TASK BRIEF> Only the lines from the one containing "1/6 Market Street FINGAL BAY 18" through the end of the listing belong in the answer, repeated exactly, with no pictures.

STUDY MATERIAL>

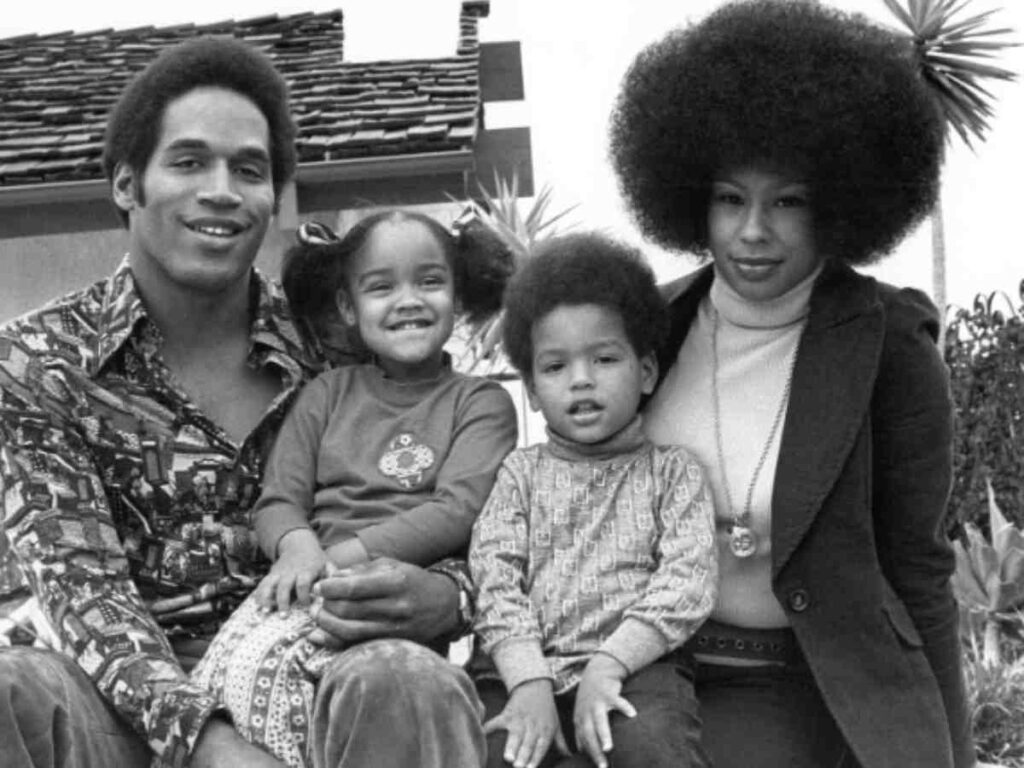 O.J. Simpson with his two children and first wife (Credit: X)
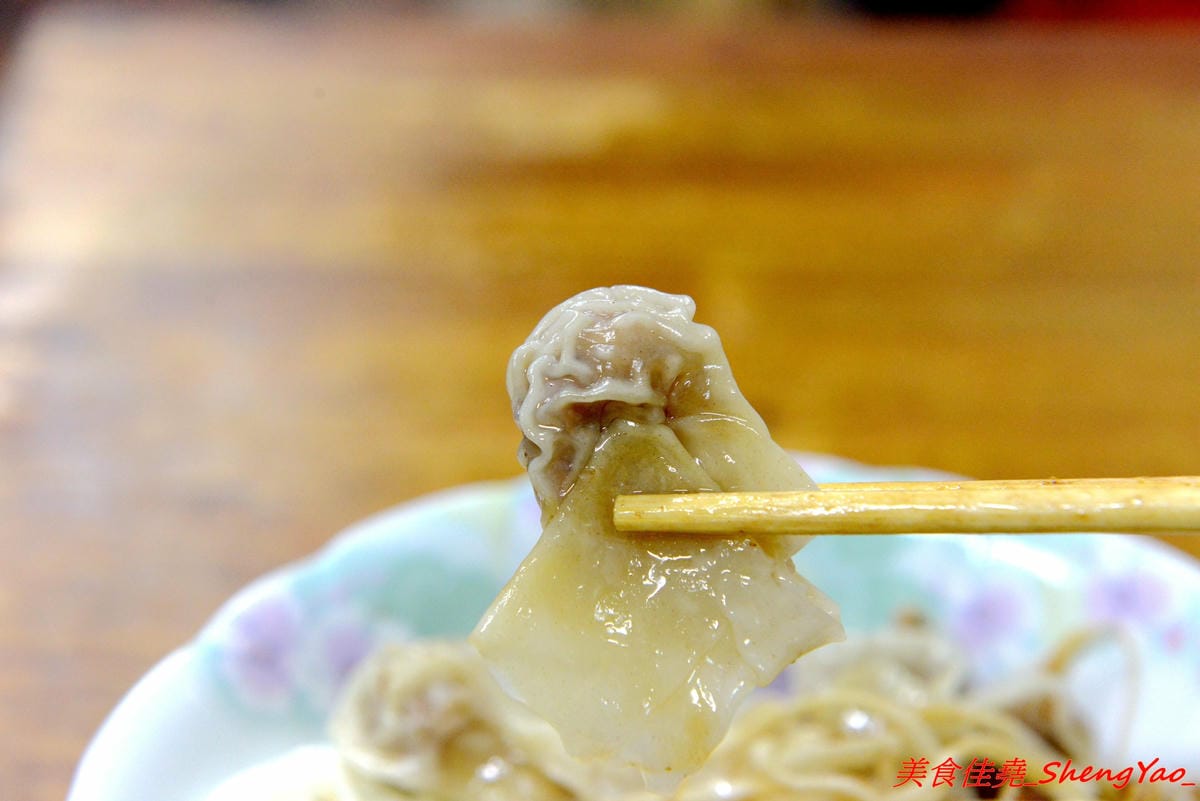 [台中沙鹿]福人街無名麵店 – 沙鹿在地人才知道的巷內美食,歷史悠久的無名老麵店,古早味乾麵淋上店家自製豆瓣醬非常夠味好吃,開到晚上12點,吃宵夜的好去處。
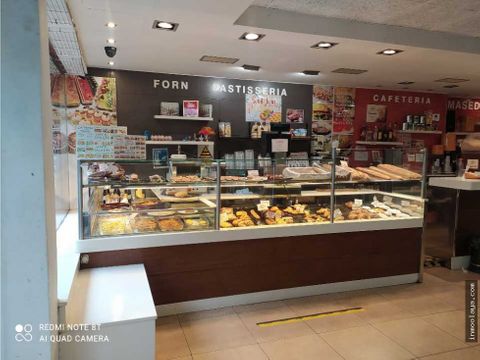 traspaso de panaderia degustacion con salida de humos en les corts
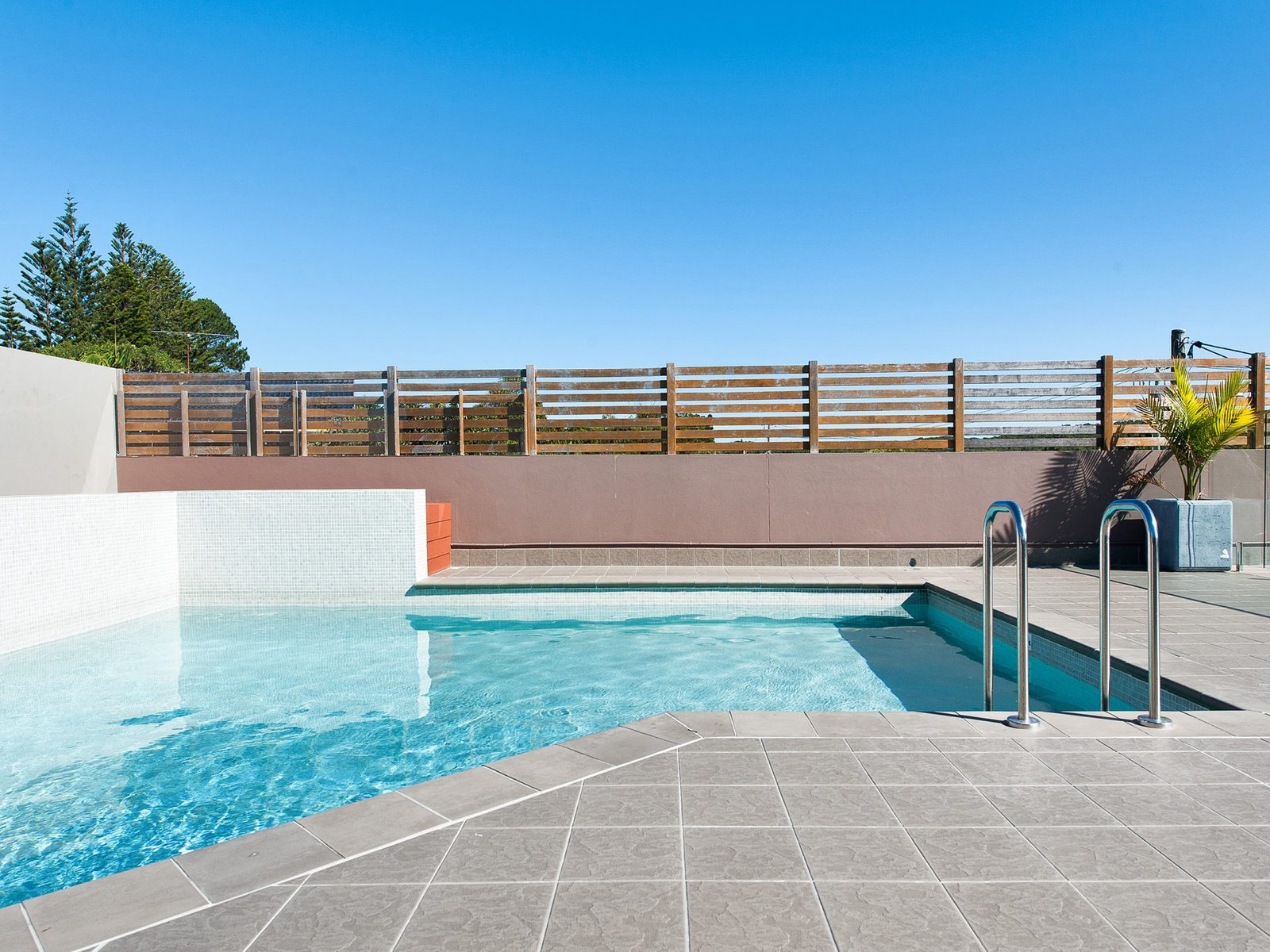 1/6 Market Street FINGAL BAY 18
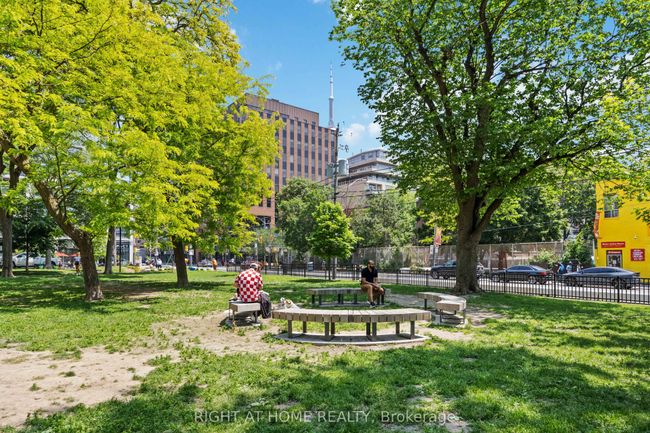 209 - 23 Brant St, Condo with 2 bedrooms, 1 bathrooms and 1 parking in Toronto ON | Image 19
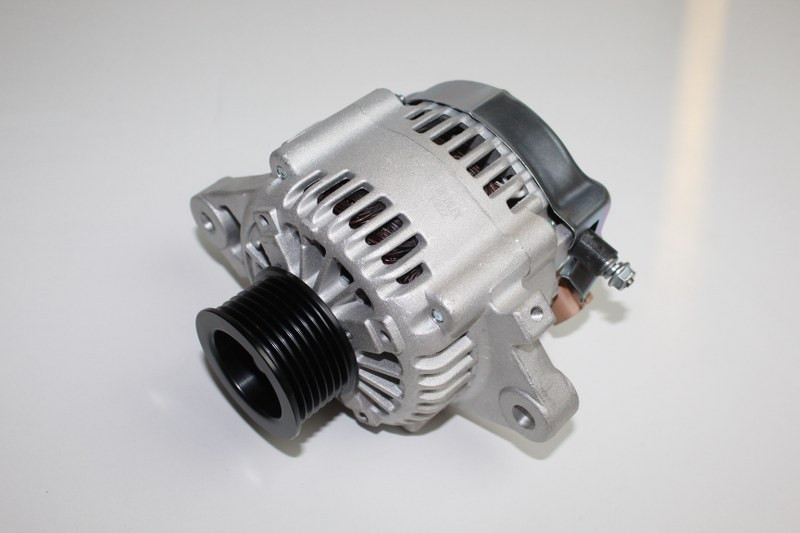 TOYOTA ALTERNATOR HILUX 2.0 2005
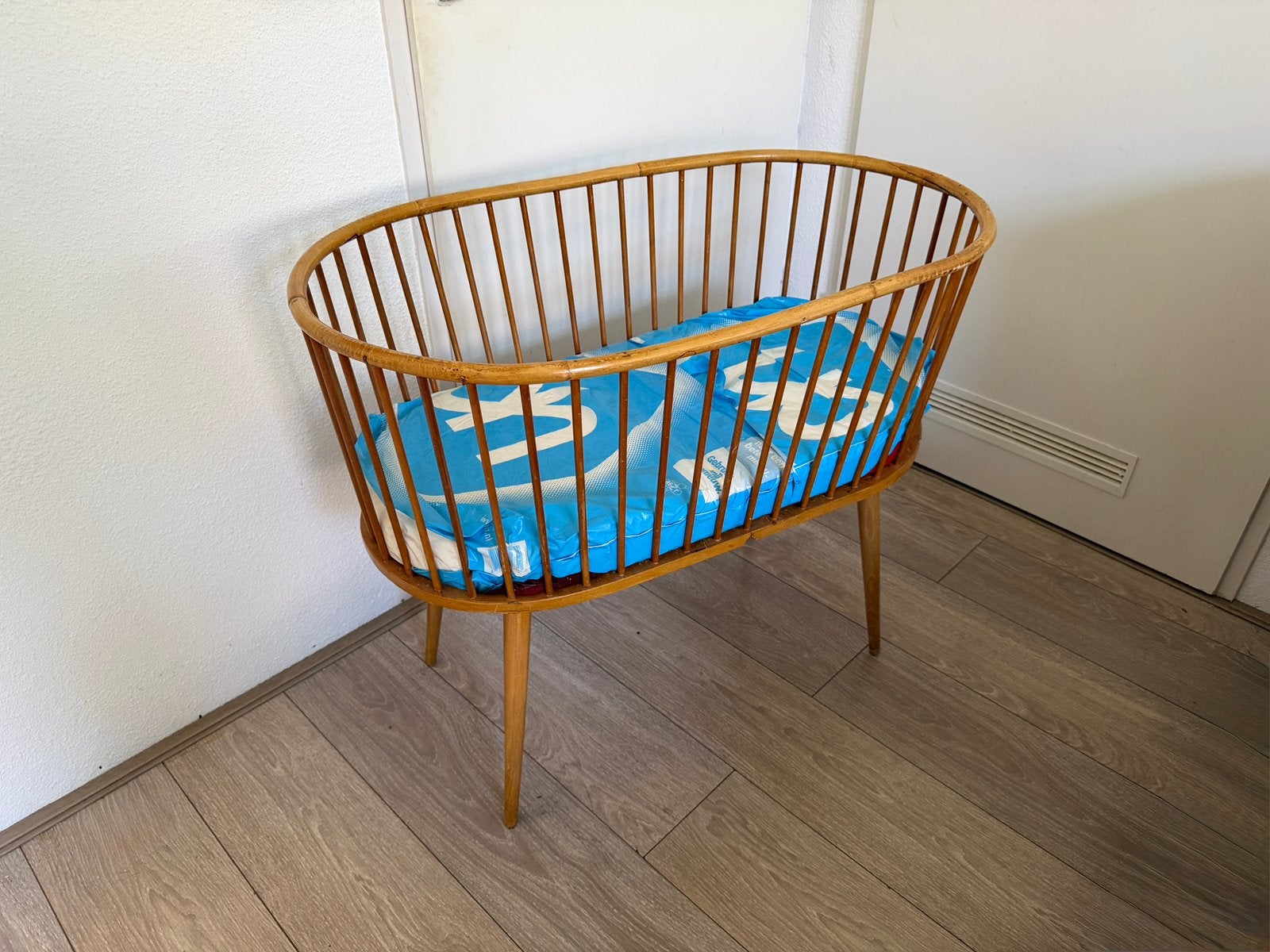 Wieg, Kinderen en Baby's, Babywiegjes en Ledikanten, Ophalen, Zo goed als nieuw, Wieg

RESULT>
 1/6 Market Street FINGAL BAY 18
 209 - 23 Brant St, Condo with 2 bedrooms, 1 bathrooms and 1 parking in Toronto ON | Image 19
 TOYOTA ALTERNATOR HILUX 2.0 2005
 Wieg, Kinderen en Baby's, Babywiegjes en Ledikanten, Ophalen, Zo goed als nieuw, Wieg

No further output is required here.